WORK ORDER: Look through the records below for the line with "El Diputado Federal". Return that line and each one after it up to and including the line with "ENTERTAINMENT PLEASURE IN MIDSTREAM ESTATE.", exactly.

DATA FOR THIS TASK:
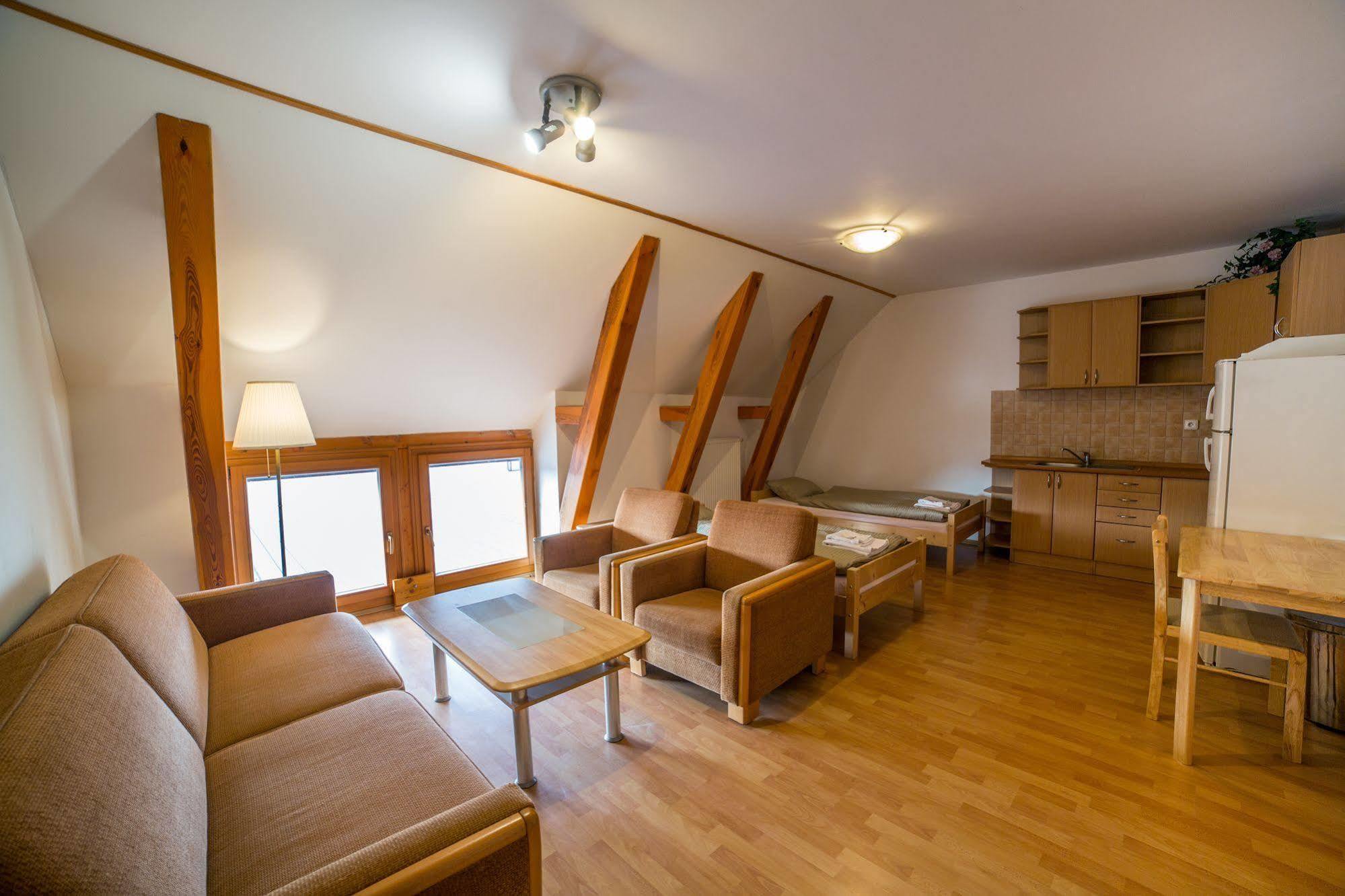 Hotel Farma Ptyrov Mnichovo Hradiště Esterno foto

* * *

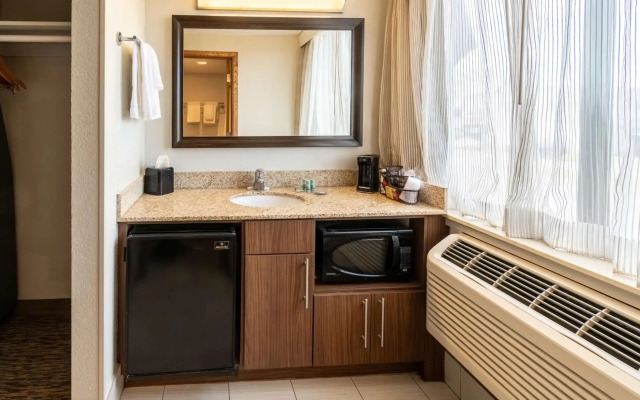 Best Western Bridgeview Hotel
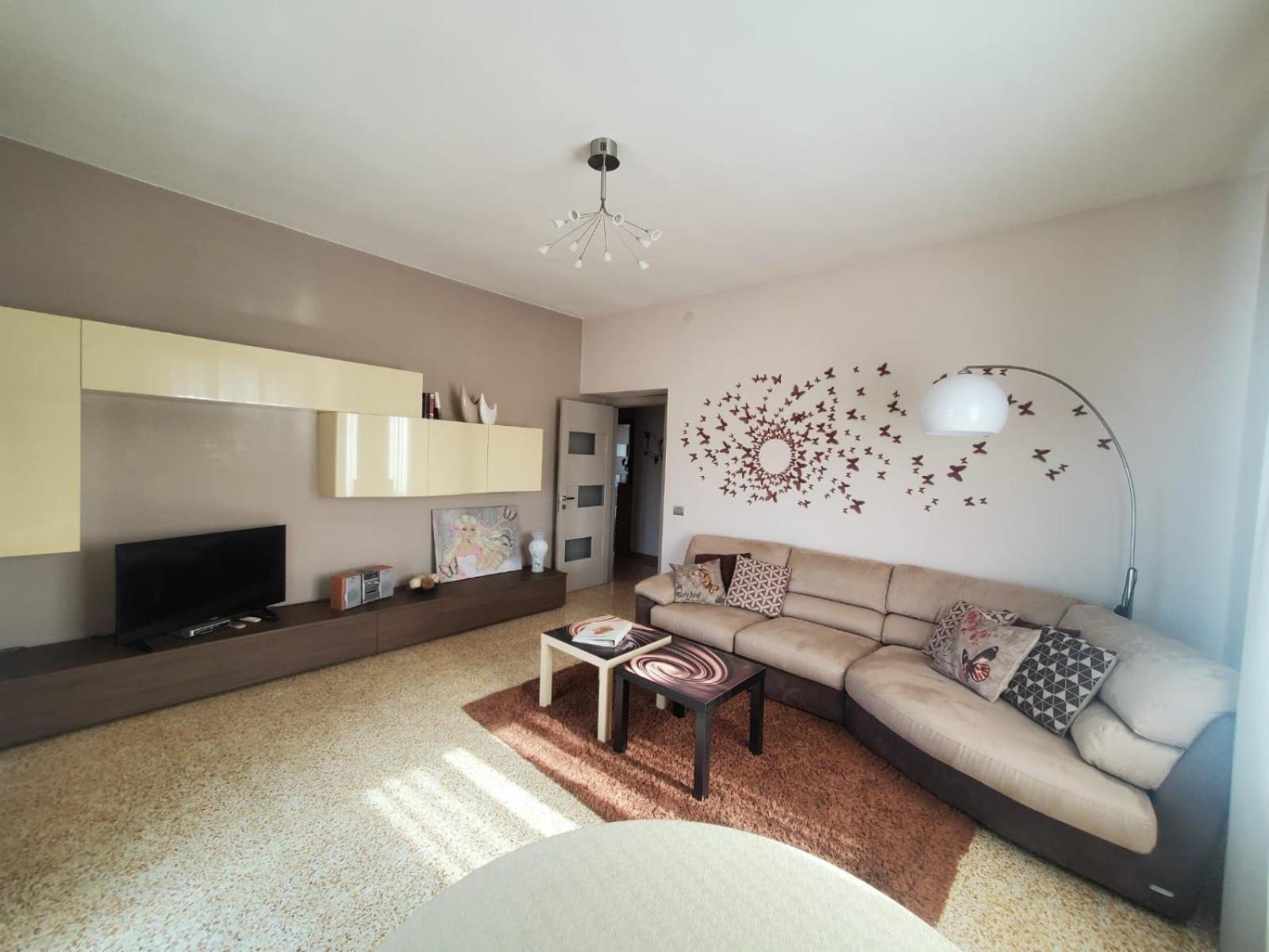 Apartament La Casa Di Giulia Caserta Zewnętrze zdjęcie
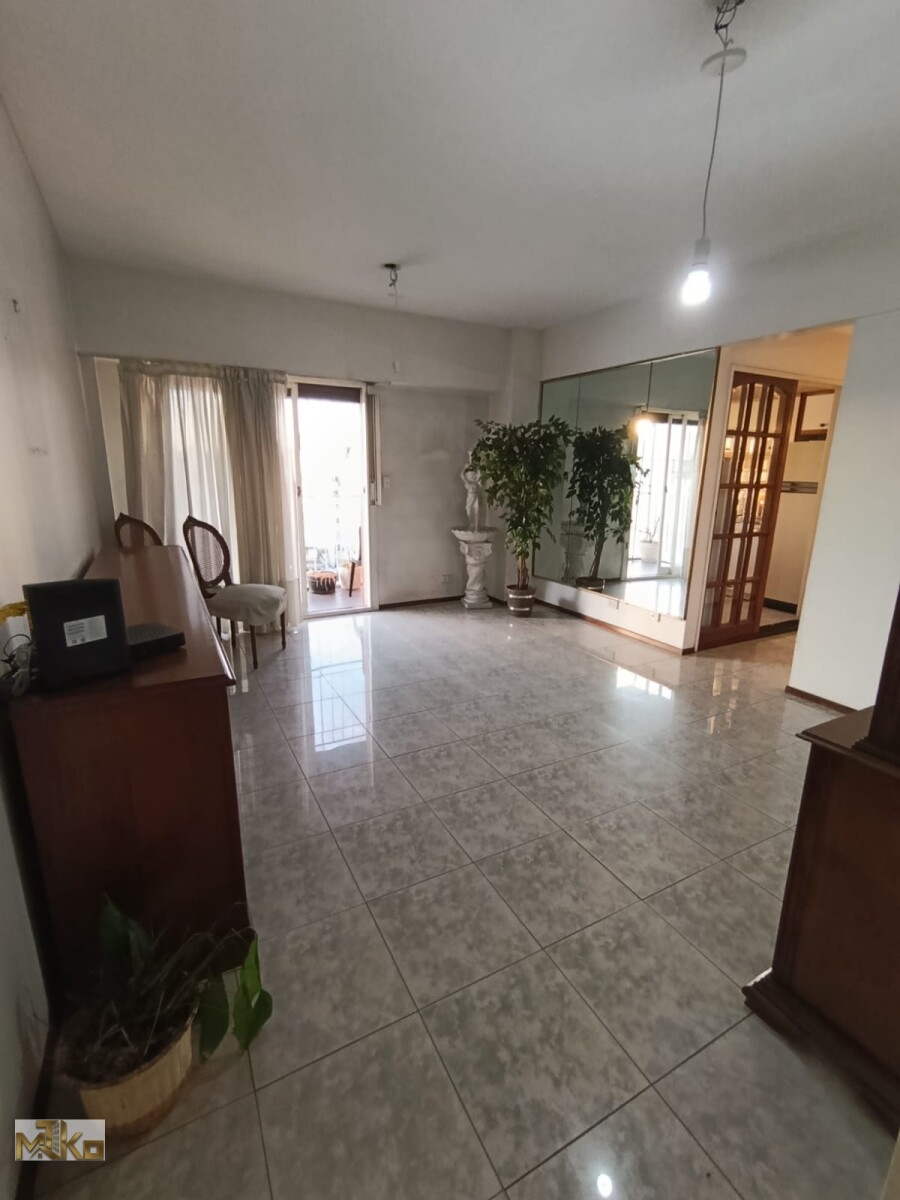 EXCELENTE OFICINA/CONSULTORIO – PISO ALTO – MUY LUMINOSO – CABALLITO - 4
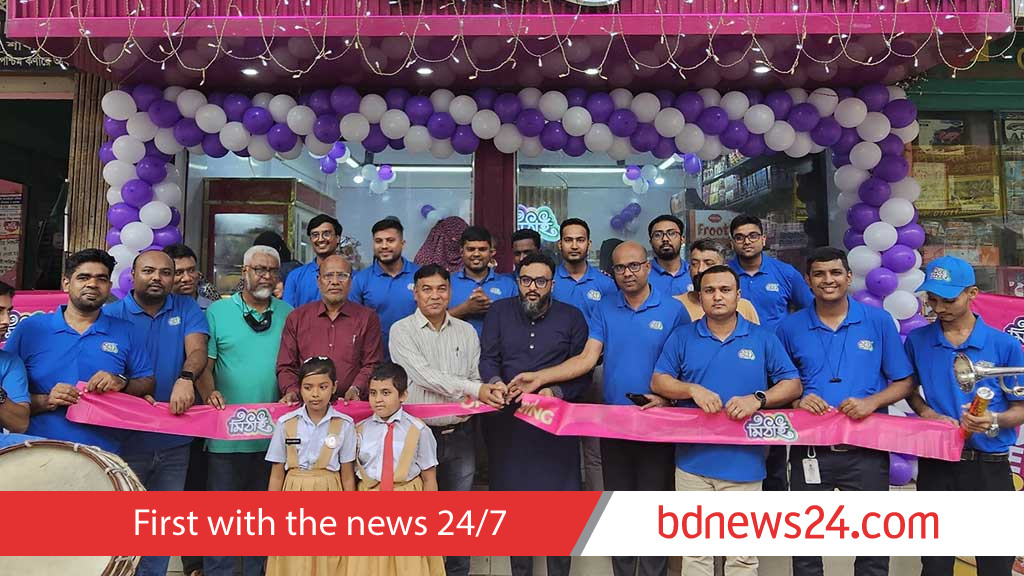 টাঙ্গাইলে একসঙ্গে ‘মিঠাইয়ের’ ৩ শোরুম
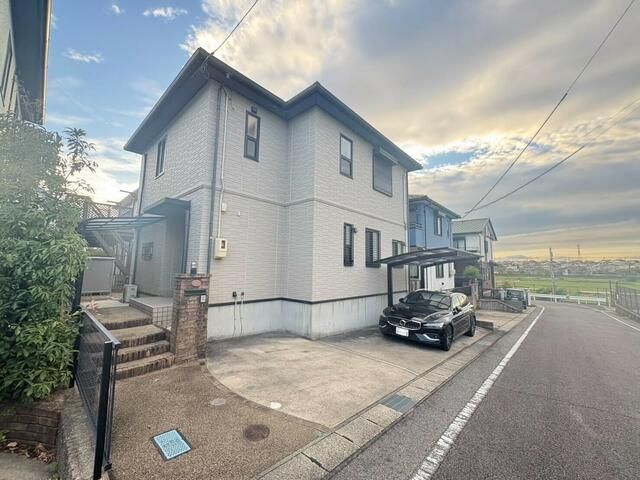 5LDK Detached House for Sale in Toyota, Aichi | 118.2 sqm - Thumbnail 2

---

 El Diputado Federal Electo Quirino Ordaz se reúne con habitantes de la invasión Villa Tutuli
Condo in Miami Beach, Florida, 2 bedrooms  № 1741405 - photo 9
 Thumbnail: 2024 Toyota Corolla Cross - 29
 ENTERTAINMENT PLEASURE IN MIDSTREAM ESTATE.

ANSWER SECTION:
 El Diputado Federal Electo Quirino Ordaz se reúne con habitantes de la invasión Villa Tutuli
Condo in Miami Beach, Florida, 2 bedrooms  № 1741405 - photo 9
 Thumbnail: 2024 Toyota Corolla Cross - 29
 ENTERTAINMENT PLEASURE IN MIDSTREAM ESTATE.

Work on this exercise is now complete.